Friday, June 3, 2011

When Does it Become Art?

When Does it Become Art?

I’m asking you!

When do you think it becomes art? Let’s look at the possibilities. It could be the moment the brush touches the canvas or the chisel touches the stone. It could be when you’re laying in bed in the middle of the night and you have a blinding flash of creativity and the next day you bring it to fruition. Or maybe not until you sign your name to it, or any where in between.


For me, it becomes art when the break has taken place between reality and someplace else, when you want to go to the place in the painting even if it’s not a real place. This usually happens at the point when I stop looking at the subject and look only at what I am painting.

What about you? Have you ever thought about it? Do you ever break away from the subject and paint what you feel, not just what you see. I think Janis Sanders achieves this strikingly well.
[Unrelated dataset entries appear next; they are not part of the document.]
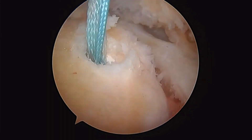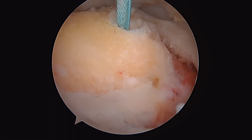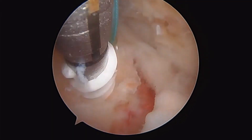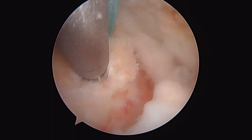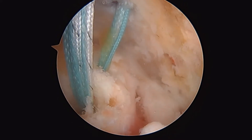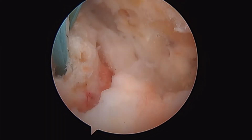I'm really pulling on that — that's in there. That's the first one of our medial row. We're going to put another one right here. There's a pretty good look at our two medial row anchors there to repair the cuff.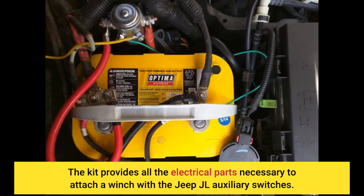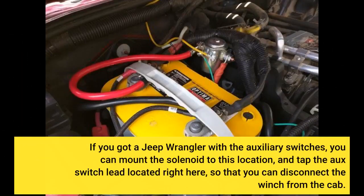The kit provides all the electrical parts necessary to attach a winch with the Jeep JL auxiliary switches. If you got a Jeep Wrangler with the auxiliary switches, you can mount the solenoid to this location and tap the aux switch lead located right here, so that you can disconnect the winch from the cab.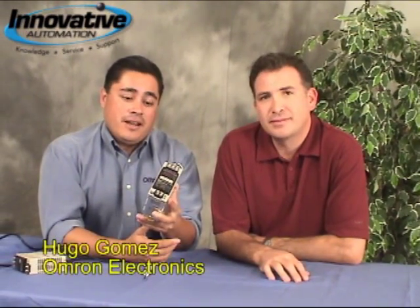Hi, everybody. This is Sergio Vitti, Hugo Gomez, AMRO Electronics. We're here at Innovative Automation and we're doing a PLC training today. Sergio just came by and he wanted to share some information about our power supplies. Why don't you start?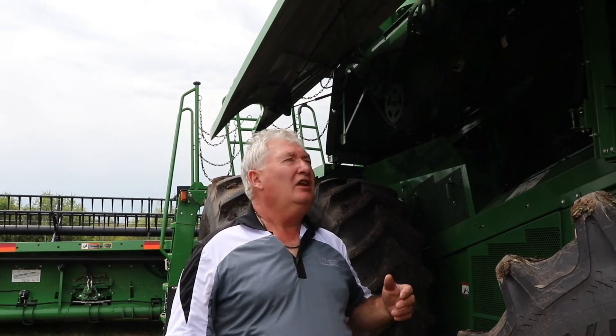Hi, it's Darren from Martin Deerline again. Today I'm going to talk about our rotor drive — checking your shiv gap, making sure there's grease in the rotor. It's the heart of the combine.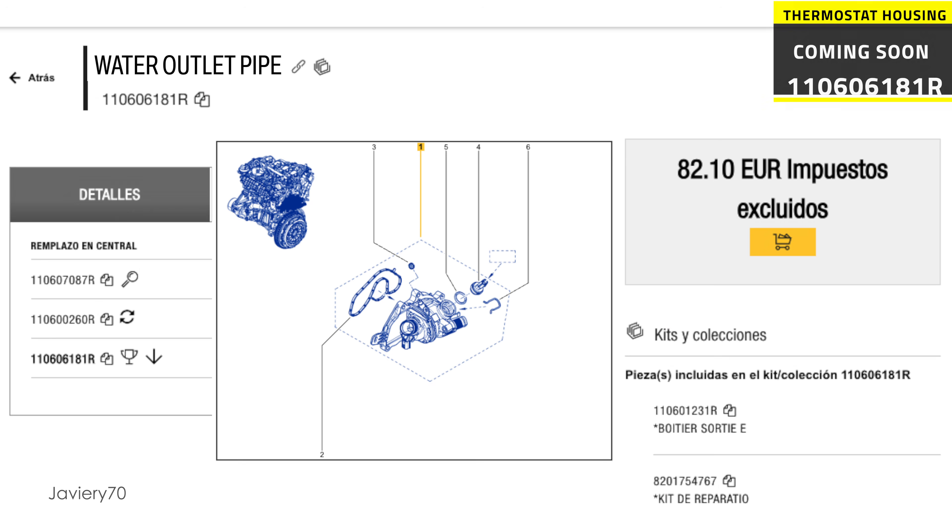The latest news is that there is a new thermostat box reference. As of today, it is not available for sale and the changes are unknown.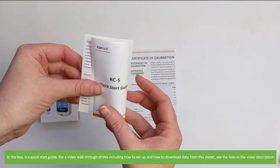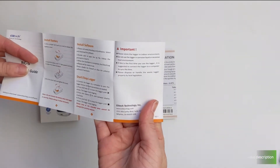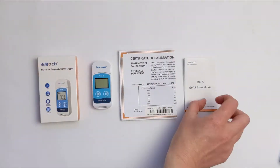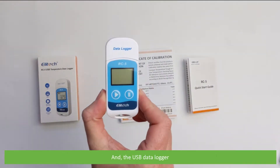In the box is a quick start guide. For a video walkthrough of this, including how to set up and how to download data from the meter, see the links in the video description, a certificate of calibration, and the USB data logger.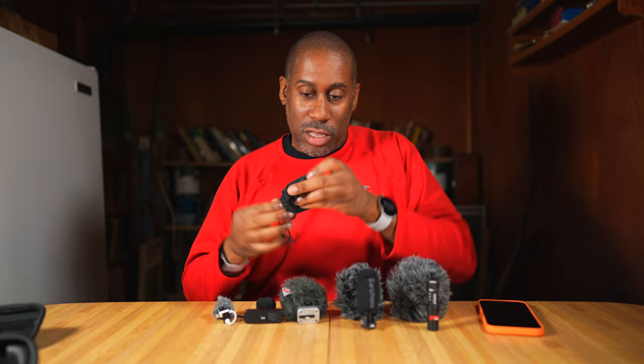Last but not least, we have the Sennheiser ClipMic Digital — a lavalier microphone. Even though I don't like cables, some people really like lavalier microphones, and since this is a lightning-connected microphone, I figured I'd throw it in the mix and try it out. Those are all the mics. Let's go outside, test them out one by one, and see how they sound and perform.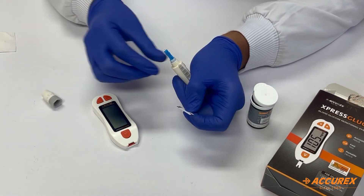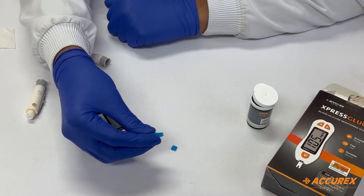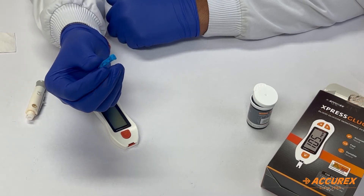Take the cap of the lancet and insert the needle into the cap, then throw it in the dustbin as a preventive measure. Insert the needle into the cap and discard it safely in the dustbin.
I want to go there to experience what he did.

I have asked some of the artists in the gallery and this is their take on the question, “When does it become ART?”

I have never really thought about your question as you put it, but I have noticed over the years of painting that there seems to be a certain time, while working on a painting, that "something happens."
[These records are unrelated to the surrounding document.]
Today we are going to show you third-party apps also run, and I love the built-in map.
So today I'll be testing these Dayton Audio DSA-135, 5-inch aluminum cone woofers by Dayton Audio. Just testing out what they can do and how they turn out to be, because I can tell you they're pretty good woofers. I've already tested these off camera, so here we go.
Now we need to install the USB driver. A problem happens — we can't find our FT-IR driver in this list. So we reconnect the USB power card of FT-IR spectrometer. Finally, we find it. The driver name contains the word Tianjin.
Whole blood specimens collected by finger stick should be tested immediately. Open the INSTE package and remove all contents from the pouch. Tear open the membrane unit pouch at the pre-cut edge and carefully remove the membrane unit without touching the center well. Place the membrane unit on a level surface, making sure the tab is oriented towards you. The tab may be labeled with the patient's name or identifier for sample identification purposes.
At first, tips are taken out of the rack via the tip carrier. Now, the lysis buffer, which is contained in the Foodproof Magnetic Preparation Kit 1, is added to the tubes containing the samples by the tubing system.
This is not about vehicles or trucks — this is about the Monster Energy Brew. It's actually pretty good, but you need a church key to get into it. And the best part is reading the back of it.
That "something" is hard for me to put into words.  As silly as it may seem to some people, I have, for lack of a better term, called it the "magical moment."  It's not planned or something consciously orchestrated on my part, but for many of my works, it happens at some point.  I think that this is really the point that determines whether the painting is a successful or unsuccessful work of art.  It's my opinion that all works are art from the very moment you put brush to canvas (or paper or board or whatever). It is in the final execution that determines if it is a successful work of art.     Bill Tomsa

When does my work become art? When what I am working on begins to speak back to me. What begins with a subject that captures my interest/imagination and continues as I strive to capture it's form and substance, starts to take on a life of its own, leading me and urging me on, and giving character and direction to my strokes. The painting ceases to be a work and becomes an experience - an experience of light and depth, moment and color.    Bob Grant

I wrestle with the word "art."  Is it form, function, skill, innovation, ad infinitum?  What defines one as an "artist" instead of a "painter"?  Simplistic perhaps, but art is communication.    Claire Vigneau

I think of art as looking at life and the world through someone else's eyes.  I think my work becomes "my art" when I'm no longer thinking of the technical aspects of painting and I let my inner self take over.  The painting then takes on a life of it's own ,and if it is successful, it's because I stayed on that course.       Celene Farris

The artist sets out each time to hopefully create a work of art — a work of art that will in its entirety and at a point in time express and capture the artist’s feeling that art has been achieved.  A work becomes art  when, on the one hand, it satisfies the artist’s criteria of proportion, composition, color balance as they relate to the interpretation of the subject matter; and, on the other hand, it captures what the artist thinks and imagines is the intrinsic essence of the subject matter.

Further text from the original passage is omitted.